Pour avoir analysé ce qu’il propose pour clarifier le rôle du président de la République, on ne peut que rester pantois devant la tournure hyperprésidentielle qui est proposée. Le rapport part du postulat que le régime de la Ve République a évolué chemin faisant vers un régime présidentiel, eh bien maintenant ! allons y complètement !!! Le rapport ne soulève même pas l’hypothèse qu’on pourrait aller vers un régime moins présidentiel. Par exemple, pour que les choses soient plus claires en termes de choix des électeurs, il est proposé que le premier tour des élections législatives corresponde au deuxième tour des élections présidentielles. Il est évident qu’avec une telle proposition, il ne sera même pas possible de prendre le temps du recul et de la réflexion quant au choix des députés. En ce qui les concerne, il ne sera même plus la peine qu’ils fassent campagne, il leur suffira d’être « arrimés » au candidat susceptible de l’emporter pour qu’ils soient sûrs d’être élus. Et leur responsabilité personnelle dans le vote des lois ? Balayée en se cachant derrière le vote en faveur du président. Quant à leur indépendance éventuelle pour le vote des lois, on l’a un peu vu dernièrement où le président Sarkozy aurait dit : « Qu’est-ce qu’ils veulent ces députés ? Ils oublient déjà qu’ils se sont fait élire grâce à moi et sur mon programme ! » Donc la clarification des rôles entre le président de la République et le chef du gouvernement, le Premier ministre, c’est tout le pouvoir au Président et « circulez, il n’y a rien à voir ! »
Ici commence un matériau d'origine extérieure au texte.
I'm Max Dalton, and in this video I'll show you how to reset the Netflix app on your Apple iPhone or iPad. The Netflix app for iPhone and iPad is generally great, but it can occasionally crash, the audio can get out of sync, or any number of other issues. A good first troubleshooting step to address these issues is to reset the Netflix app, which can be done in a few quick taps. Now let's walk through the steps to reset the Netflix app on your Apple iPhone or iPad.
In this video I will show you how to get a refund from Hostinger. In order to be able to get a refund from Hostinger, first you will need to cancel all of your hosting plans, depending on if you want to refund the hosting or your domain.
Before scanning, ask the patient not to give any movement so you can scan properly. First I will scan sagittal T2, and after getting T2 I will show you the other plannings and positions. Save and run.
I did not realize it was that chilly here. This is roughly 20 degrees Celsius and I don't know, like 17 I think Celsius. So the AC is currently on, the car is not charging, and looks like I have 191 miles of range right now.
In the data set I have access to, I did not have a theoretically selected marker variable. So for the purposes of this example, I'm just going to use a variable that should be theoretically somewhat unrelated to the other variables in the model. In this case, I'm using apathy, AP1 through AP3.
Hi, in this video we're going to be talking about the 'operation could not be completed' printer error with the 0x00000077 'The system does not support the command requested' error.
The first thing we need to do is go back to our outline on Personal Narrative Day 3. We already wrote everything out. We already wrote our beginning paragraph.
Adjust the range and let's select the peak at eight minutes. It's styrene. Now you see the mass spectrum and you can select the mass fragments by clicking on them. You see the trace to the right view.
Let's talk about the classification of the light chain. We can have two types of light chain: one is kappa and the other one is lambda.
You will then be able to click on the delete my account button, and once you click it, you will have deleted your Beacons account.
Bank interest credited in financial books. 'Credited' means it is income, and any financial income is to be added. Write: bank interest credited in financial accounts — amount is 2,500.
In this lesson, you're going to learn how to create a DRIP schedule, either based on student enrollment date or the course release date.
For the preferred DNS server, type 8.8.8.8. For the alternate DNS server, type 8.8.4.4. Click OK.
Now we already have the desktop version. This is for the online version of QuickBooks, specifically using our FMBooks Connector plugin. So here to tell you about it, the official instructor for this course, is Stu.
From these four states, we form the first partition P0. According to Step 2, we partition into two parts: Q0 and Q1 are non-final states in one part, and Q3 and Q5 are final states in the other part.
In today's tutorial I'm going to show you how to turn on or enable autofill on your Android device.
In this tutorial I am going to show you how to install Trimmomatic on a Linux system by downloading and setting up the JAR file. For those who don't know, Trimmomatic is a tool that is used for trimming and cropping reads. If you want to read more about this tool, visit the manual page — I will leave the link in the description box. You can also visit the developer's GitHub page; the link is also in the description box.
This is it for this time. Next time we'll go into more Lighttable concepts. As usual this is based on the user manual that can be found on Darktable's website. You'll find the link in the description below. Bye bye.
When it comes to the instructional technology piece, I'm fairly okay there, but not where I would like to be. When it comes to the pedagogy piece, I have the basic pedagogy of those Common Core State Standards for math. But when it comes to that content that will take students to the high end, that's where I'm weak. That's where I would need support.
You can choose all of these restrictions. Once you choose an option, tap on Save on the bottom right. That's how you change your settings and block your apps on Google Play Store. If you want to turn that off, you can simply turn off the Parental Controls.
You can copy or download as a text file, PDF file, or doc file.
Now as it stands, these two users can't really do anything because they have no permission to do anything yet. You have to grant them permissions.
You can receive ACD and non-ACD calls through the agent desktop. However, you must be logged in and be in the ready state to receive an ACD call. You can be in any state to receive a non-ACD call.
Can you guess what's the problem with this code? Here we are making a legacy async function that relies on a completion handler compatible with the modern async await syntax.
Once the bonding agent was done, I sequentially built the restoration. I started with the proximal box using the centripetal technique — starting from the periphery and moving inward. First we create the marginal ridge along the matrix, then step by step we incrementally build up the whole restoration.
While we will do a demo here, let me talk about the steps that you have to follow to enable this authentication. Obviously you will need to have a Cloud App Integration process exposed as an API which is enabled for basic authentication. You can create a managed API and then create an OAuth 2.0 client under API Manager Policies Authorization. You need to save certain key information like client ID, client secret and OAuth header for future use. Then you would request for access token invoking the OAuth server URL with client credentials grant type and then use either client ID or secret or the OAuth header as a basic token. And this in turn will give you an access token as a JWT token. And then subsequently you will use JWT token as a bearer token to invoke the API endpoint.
Heureusement que la commission Balladur prétend avoir une vue équilibrée des choses et propose en contre partie que l’Assemblée nationale obtienne un droit de regard sur la nomination des hauts fonctionnaires. On peut penser qu’avec une Assemblée nationale élue dans les conditions mentionnées plus haut, les choix qui seront faits par les députés ne seront guère différents de ceux qui leur auront été proposés par le président de la République ou gare à toi député de la majorité présidentielle qui aura osé voter différemment de ce qui t’était proposé.

Car enfin, a-t-on vraiment besoin d’aller vers un régime encore plus présidentiel que celui que nous avons actuellement. On a coutume de dire pour justifier la Ve République que la IVe République avait mis en place un régime où les décisions étaient difficiles à prendre et où sévissait une certaine indécision. On ne va pas faire ici un plaidoyer en faveur de la IVe République mais n’allons pas si vite vers un régime hyperprésidentiel où, à la limite, le président élu par le suffrage universel n’aura qu’à désigner les parlementaires comme le font certains présidents d’association qui une fois élus par l’Assemblée générale désignent les membres qui composent le bureau.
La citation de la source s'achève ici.